6. Deployment Scenarios and Implications

DiffAgent and DiffBench primarily target GPU-based environments (NVIDIA A100, AMD MI100/MI200), but are extensible to CPUs and edge accelerators by specifying device contexts. Tasks define hardware, allowed latency, memory budget, and sampling constraints, ensuring realistic assessment and transferability. These frameworks provide actionable guidance for both LLM-based and human-devised diffusion acceleration code design.

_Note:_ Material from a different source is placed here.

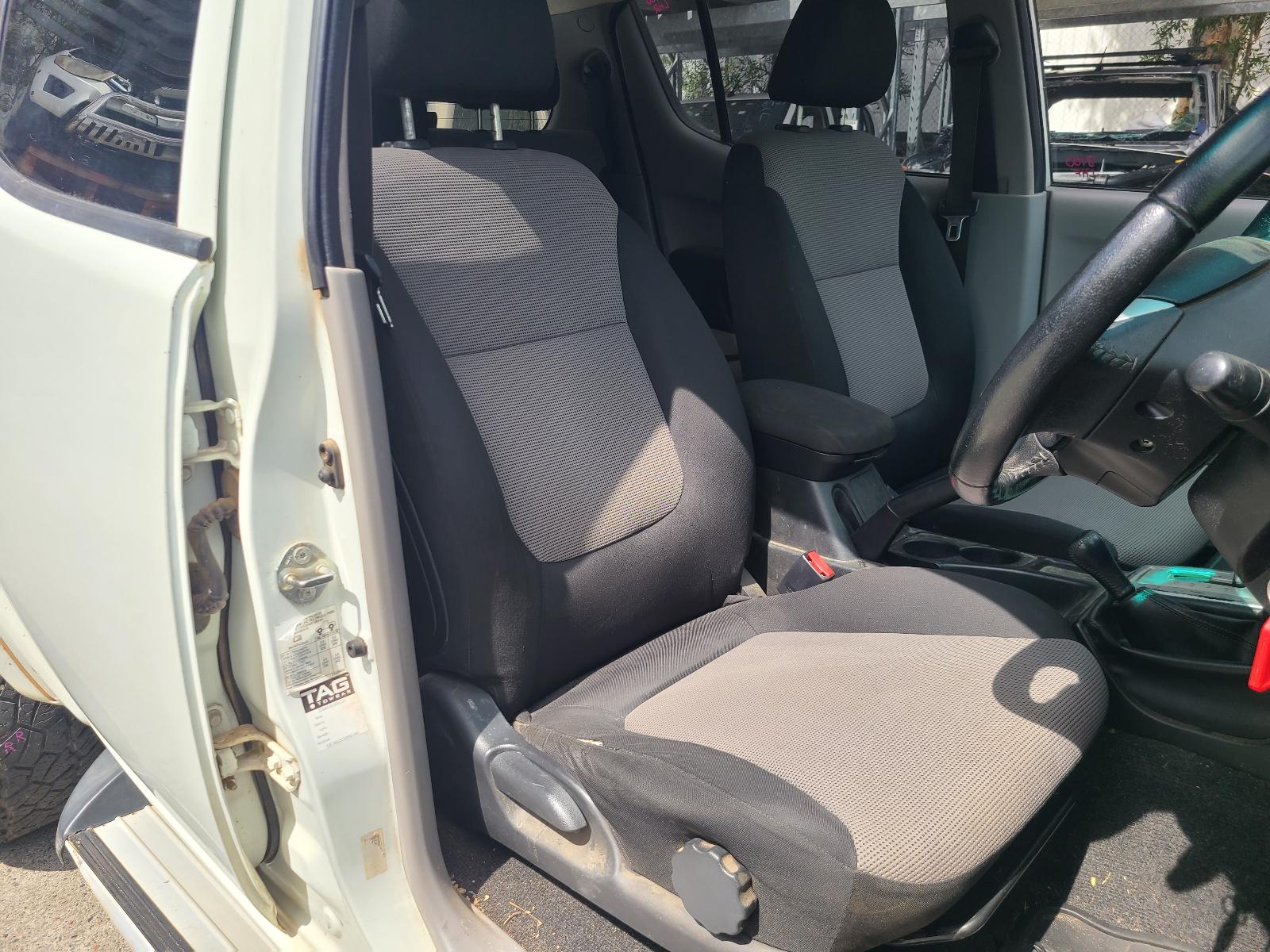 View Mitsubishi Triton 2013 4 Door Utility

A plausible implication is that such agentic frameworks could generalize to other model acceleration and optimization domains—enabling automated composition, correctness, and efficiency audits that keep pace with model, method, and hardware diversification.

7. Future Directions

Potential expansions include:

  • Extending DiffAgent's planning and search interfaces to encompass new acceleration methods as they emerge, such as hardware-adaptive or distributed inference optimizations.
  • Jointly optimizing for other metrics (energy, cost, memory) alongside speed and fidelity.
  • Incorporating real-world deployment feedback (on-device profiling, user constraints) into the genetic optimization loop.
  • Integrating with code-diff understanding agents, such as those benchmarked with Diff-XYZ, to enable sophisticated editing and refactoring capabilities for model pipelines under active development.

The combination of agent-driven strategy search, rigorous multi-axis benchmarking, and executable code synthesis embodied by DiffAgent and DiffBench provides a reproducible, scalable paradigm for inference acceleration in diffusion and, by extension, other iterative generative modeling frameworks (Jiao et al., 6 Jan 2026).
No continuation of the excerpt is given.